Problem statement: With the pictures left out, output the records below exactly.

Provided entries:
=-=-=-=-=
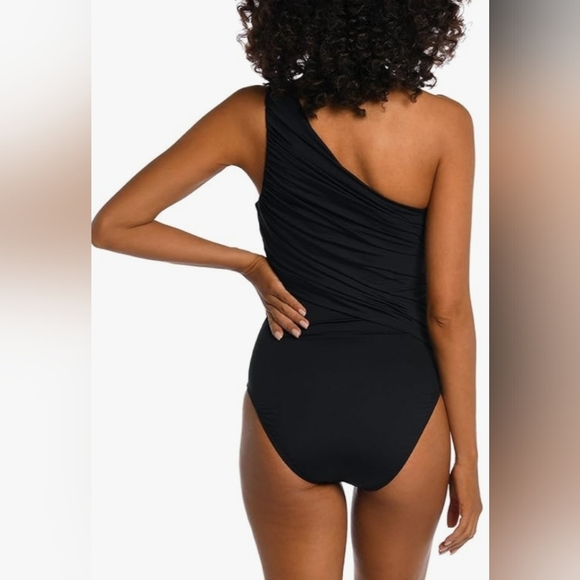 La Blanca Women's Island Goddess Shirred One Shoulder One Piece Swimsuit - Picture 2 of 5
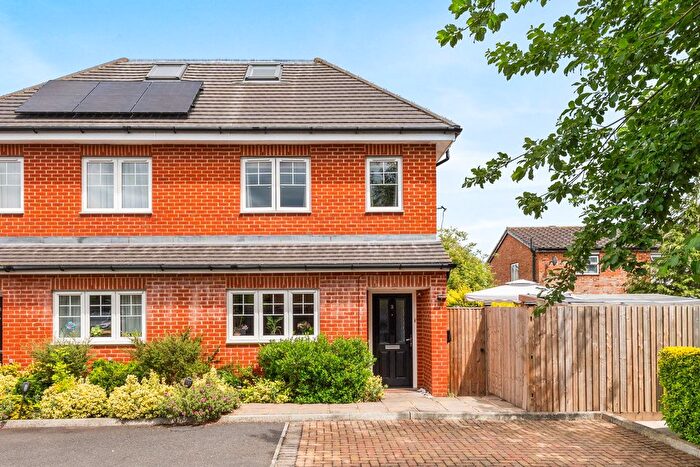 4 Bedroom Semi Detached House For Sale In Oak Tree Close, West Ewell, Epsom, KT19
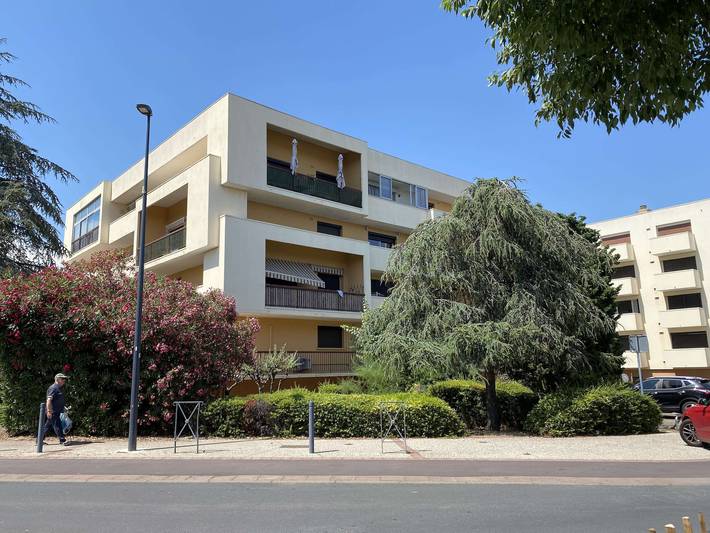 Location de vacances pour 2 personnes, avec Balcon à Balaruc-les-Bains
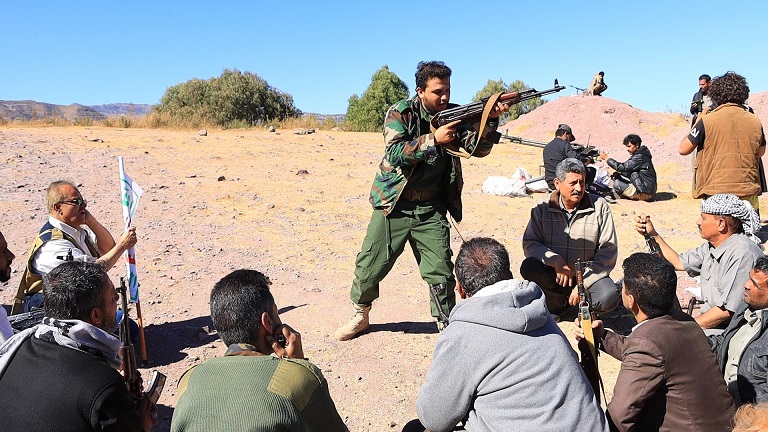 مليشيا الحوثي تواصل إخضاع أكاديميي وموظفي جامعة إب لتدريبات قتالية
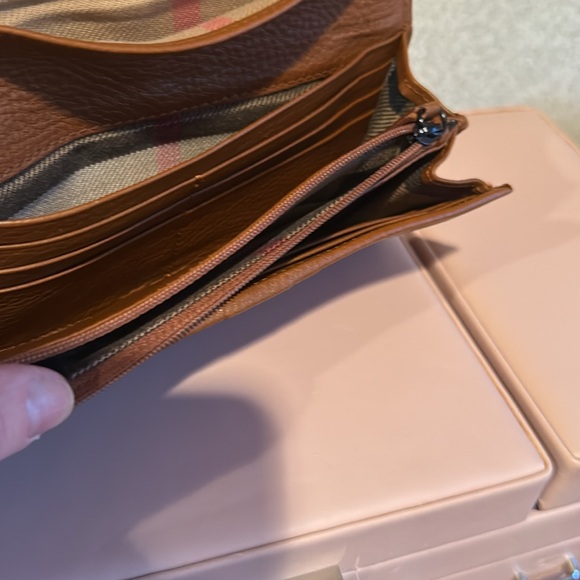 Burberry wallet - Picture 6 of 8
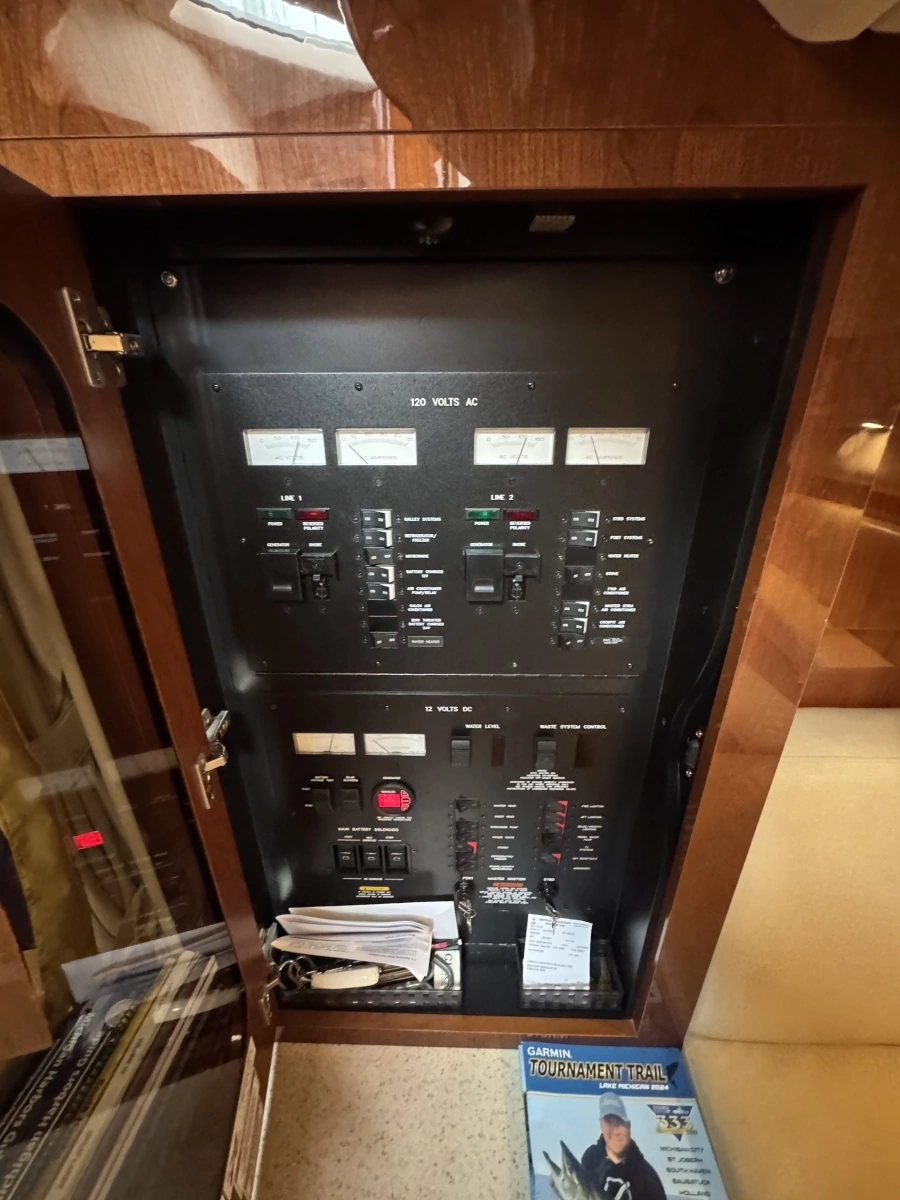 2010 Sea Ray 390 Sundancer
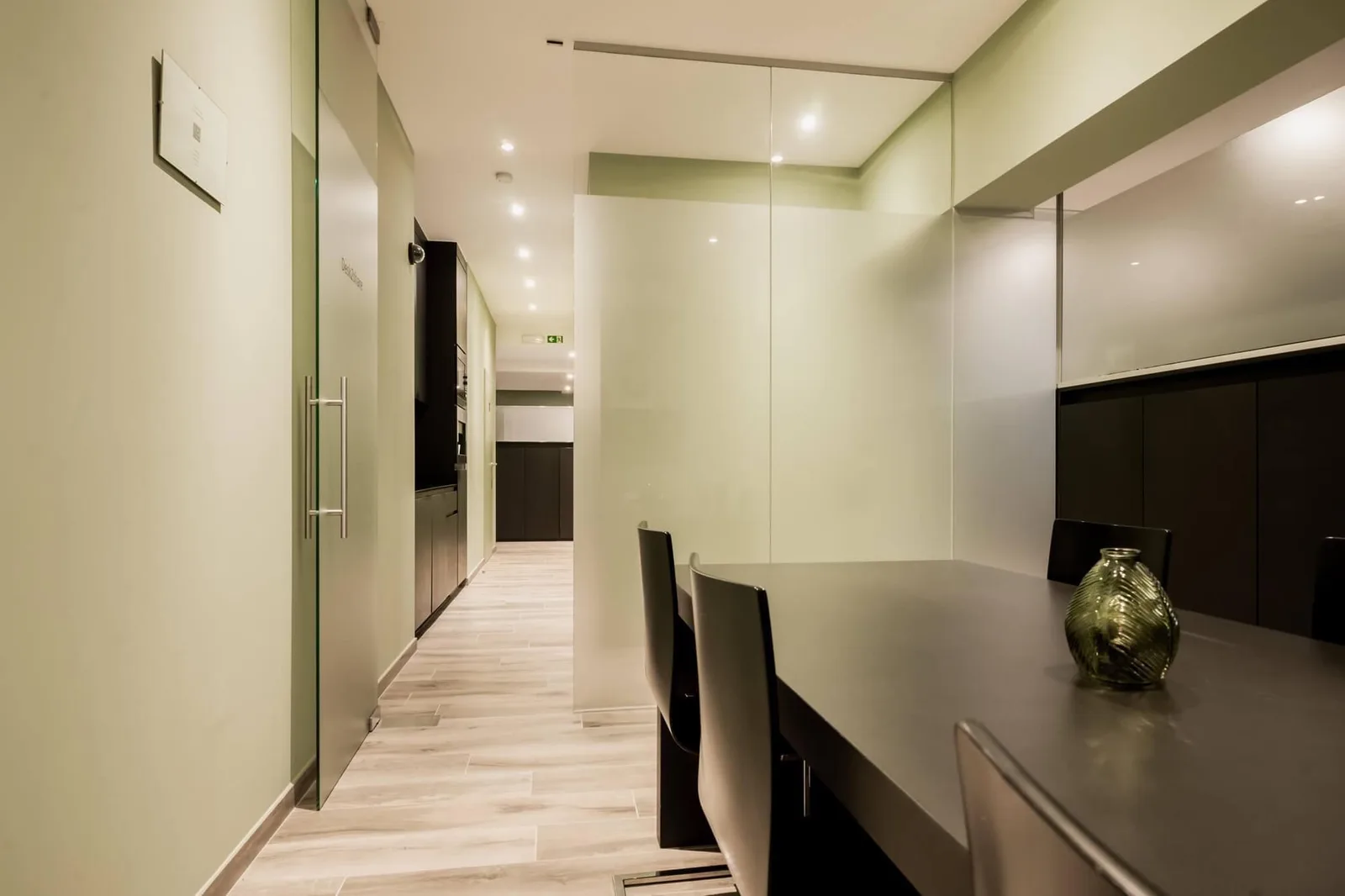 Plug-in Coworking, Salle de réunion 4 personnes, Anvers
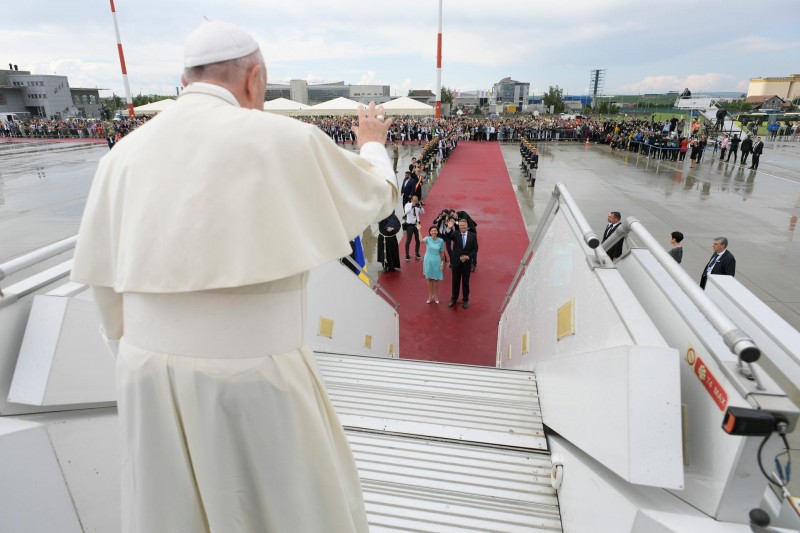 Papa Francisc a revenit asearã în Cetatea Vaticanului dupã vizita de trei zile în România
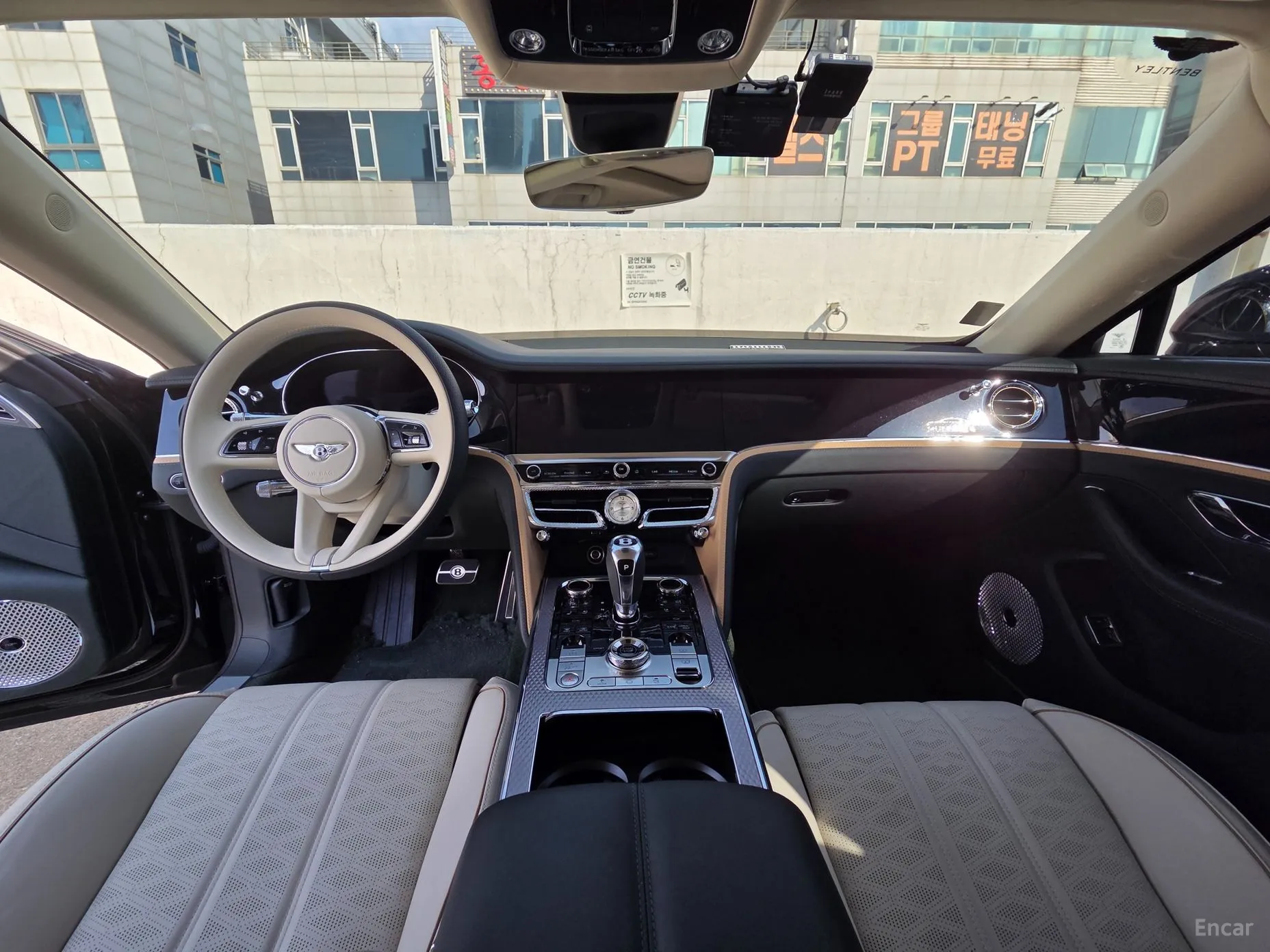 Bentley Flying Spur 4th Generation превью 17
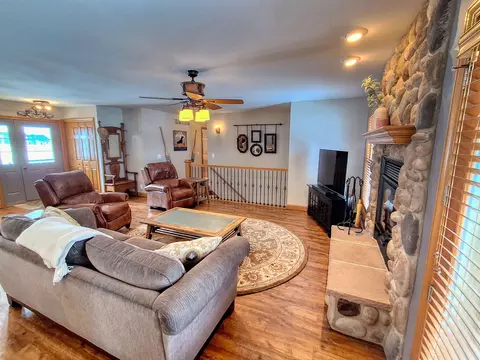 Living - 1-11 Grandview Dr, Lanark, IL 61046 photo 2 of 5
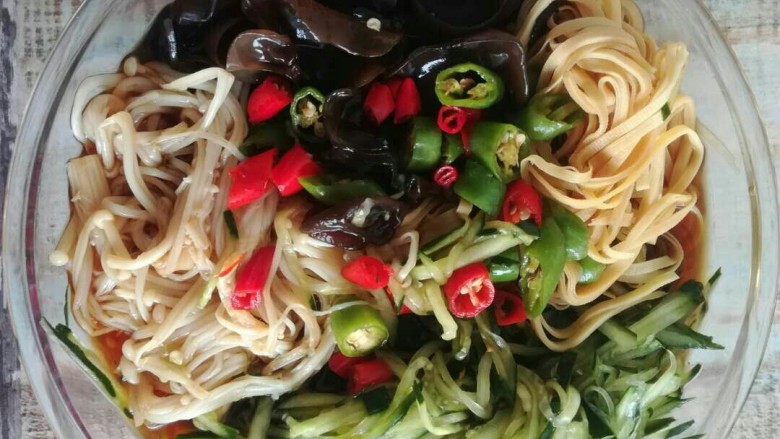 捞拌什锦(附捞汁的做法),捞汁用多少大家随意,自己家吃少一些,能拌开就可以,我喜欢捞着吃, 就多放一些。。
=-=-=-=-=
Task solution:
 La Blanca Women's Island Goddess Shirred One Shoulder One Piece Swimsuit - Picture 2 of 5
 4 Bedroom Semi Detached House For Sale In Oak Tree Close, West Ewell, Epsom, KT19
 Location de vacances pour 2 personnes, avec Balcon à Balaruc-les-Bains
 مليشيا الحوثي تواصل إخضاع أكاديميي وموظفي جامعة إب لتدريبات قتالية
 Burberry wallet - Picture 6 of 8
 2010 Sea Ray 390 Sundancer
 Plug-in Coworking, Salle de réunion 4 personnes, Anvers
 Papa Francisc a revenit asearã în Cetatea Vaticanului dupã vizita de trei zile în România
 Bentley Flying Spur 4th Generation превью 17
 Living - 1-11 Grandview Dr, Lanark, IL 61046 photo 2 of 5
 捞拌什锦(附捞汁的做法),捞汁用多少大家随意,自己家吃少一些,能拌开就可以,我喜欢捞着吃, 就多放一些。。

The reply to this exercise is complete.